What consequences does this argument therefore have for the symbolism of the bed within Cixous’ work? ‘The Laugh of the Medusa’ suggests that although the bed may at first seem to represent a symbol of woman’s repression, the relationship between femininity, sexuality, and the unconscious calls for further exploration. May the bed be seen instead as a place where such an exploration could take place? Could the bed in fact come to represent the playground for the creative voices of the unconscious, rather than the scene of their silencing? Both of these suggestions are ones which arise from the essay’s discussion of the darkness that seems to surround the issue of the female sexuality. Rather than calling for women to leave their beds behind, ‘The Laugh of the Medusa’ contrastingly sends a message that suggests it is essential for us to reconsider what takes place within our beds at night in order to uncover what lies behind the veil of the sleeping mind. In this essay, Cixous represents the unconscious as a ‘limitless country’ which we can only access by journeying into the darkness that we have been forbidden to enter (p. 2043).  As the second half of this article aims to demonstrate, the bed has a vital role to play within the journey of discovery that Cixous encourages her readers to take.
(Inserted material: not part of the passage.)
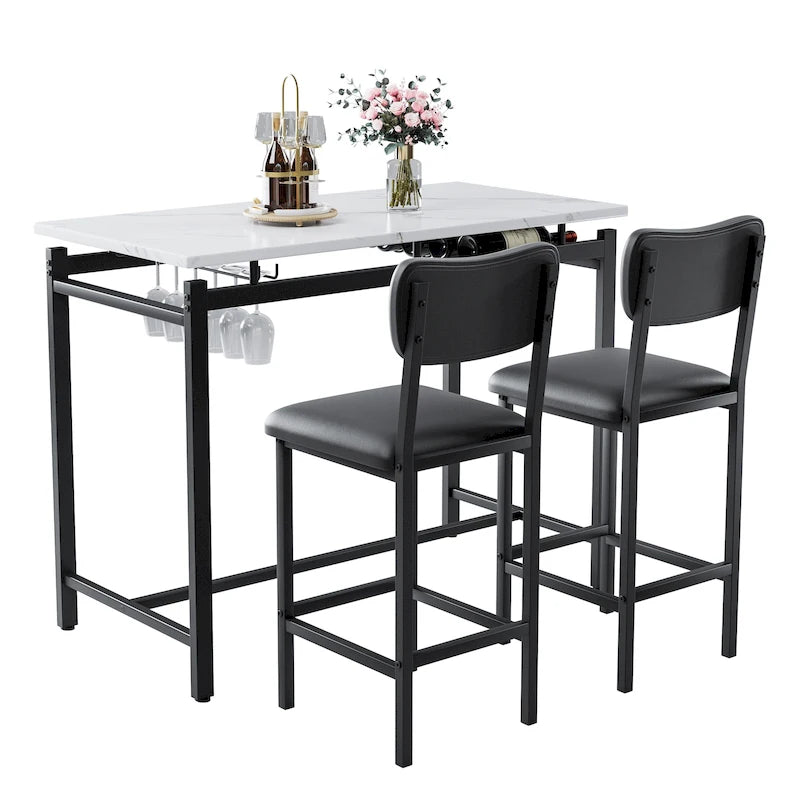 3 Piece Dining Bar Set with 2 Chairs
In ‘Coming to Writing,’ Cixous explains why the bed must be the starting point for this journey. The essay exemplifies the turn in Cixous’ perspective from her focus on the negative associations of sleeping towards an interest in the positive associations of dreaming. Whereas her earlier essays tended to link sleeping with death, Cixous now starts to consider the power of dreaming as a mode of rebirth. In contrast to ‘Sorties’ in which she calls for women to wake up to the dangers of sleeping through their lives in silence, Cixous now encourages women to sleep in order to dream, as it is only through dreaming that the silenced desires of the unconscious can be released. As contradictory as this may seem, ‘Coming to Writing’ provides a cogent argument for the importance of dreams as a significant source of inspiration for Cixous as a writer of what she calls écriture féminine; a style of expression which brings the desires, sensations, and rhythms of the body into language. In this essay she describes écriture féminine through the acts of ‘writing, dreaming, delivering; being my own daughter of every day.’7

By practicing these ‘acts of birth every day,’ Cixous suggests that it is possible for us to gain access to an endless wellspring of creativity within our own bodies (p. 6). It is significant to note here that the essay’s original French title – ‘La venue à l'écriture’ – can also be translated as ‘Her Birth in Writing.’8

The journeys which we make when dreaming are ones which lead us towards the route to rebirth, a notion which Cixous conceptualises in ‘Coming to Writing’ as the most profound experience of awakening. This awakening involves the liberation of the libidinal forces of the unconscious, enabling our bodily desires to be given voice to in language. Dreaming may therefore be seen as a creative practice of particular relevance to women, whose sexual desires – as Cixous argues in ‘The Laugh of the Medusa’ – have been subject to repression, forbidden expression, and kept shrouded in darkness. As a highly transgressive activity, Cixous suggests that dreaming will allow woman to awaken her innermost desires, and by giving expression to them, she will revolutionise the way in which her body is represented within the symbolic order of language. As Cixous describes in ‘Coming to Writing’:

from dream to dream you wake up more and more conscious, more and more woman. The more you let yourself dream, the more you let yourself be worked through, the more you let yourself be disturbed, pursued, threatened, loved, the more you write, the more you escape the censor, the more the woman in you is affirmed, discovered, and invented (p. 55).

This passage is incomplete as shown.